__Task requirements__: Which lines of the listing below contain the word "property"? Copy each of them.

== Segment start ==

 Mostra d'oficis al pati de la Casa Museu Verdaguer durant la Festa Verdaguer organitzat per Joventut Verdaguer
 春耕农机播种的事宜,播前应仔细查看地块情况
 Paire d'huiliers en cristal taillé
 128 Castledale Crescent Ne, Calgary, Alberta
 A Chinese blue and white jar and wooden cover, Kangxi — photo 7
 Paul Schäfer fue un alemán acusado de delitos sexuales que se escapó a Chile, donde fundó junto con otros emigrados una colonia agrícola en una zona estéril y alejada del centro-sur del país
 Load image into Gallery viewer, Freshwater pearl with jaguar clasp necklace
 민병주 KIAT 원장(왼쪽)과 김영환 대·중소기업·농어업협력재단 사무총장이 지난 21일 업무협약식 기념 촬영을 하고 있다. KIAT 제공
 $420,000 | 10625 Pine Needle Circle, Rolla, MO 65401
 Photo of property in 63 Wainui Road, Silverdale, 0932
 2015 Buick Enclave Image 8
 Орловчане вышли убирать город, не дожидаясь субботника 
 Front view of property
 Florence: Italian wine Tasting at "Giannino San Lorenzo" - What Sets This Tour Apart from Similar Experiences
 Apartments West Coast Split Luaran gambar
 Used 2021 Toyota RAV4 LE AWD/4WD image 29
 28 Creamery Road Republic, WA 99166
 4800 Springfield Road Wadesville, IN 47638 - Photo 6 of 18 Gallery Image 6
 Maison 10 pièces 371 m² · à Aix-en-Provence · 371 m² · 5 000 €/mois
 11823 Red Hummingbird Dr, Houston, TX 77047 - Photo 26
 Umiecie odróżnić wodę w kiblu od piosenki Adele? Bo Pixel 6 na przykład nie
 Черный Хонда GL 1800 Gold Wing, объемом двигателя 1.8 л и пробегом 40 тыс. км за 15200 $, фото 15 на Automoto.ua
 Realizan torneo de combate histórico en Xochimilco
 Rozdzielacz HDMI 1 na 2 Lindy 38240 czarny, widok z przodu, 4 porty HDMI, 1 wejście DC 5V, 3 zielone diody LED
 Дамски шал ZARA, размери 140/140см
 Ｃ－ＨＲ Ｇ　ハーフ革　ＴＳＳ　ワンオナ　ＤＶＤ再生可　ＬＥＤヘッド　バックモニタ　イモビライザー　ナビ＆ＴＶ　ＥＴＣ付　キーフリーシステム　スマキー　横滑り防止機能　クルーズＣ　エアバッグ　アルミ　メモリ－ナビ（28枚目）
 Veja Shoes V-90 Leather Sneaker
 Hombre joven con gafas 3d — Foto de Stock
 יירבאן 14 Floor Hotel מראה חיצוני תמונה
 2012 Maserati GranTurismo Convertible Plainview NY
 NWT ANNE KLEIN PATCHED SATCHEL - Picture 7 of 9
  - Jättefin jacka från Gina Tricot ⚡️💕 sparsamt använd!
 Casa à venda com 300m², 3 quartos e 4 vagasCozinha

== Segment end ==

__Response to the exercise__:
 Photo of property in 63 Wainui Road, Silverdale, 0932
 Front view of property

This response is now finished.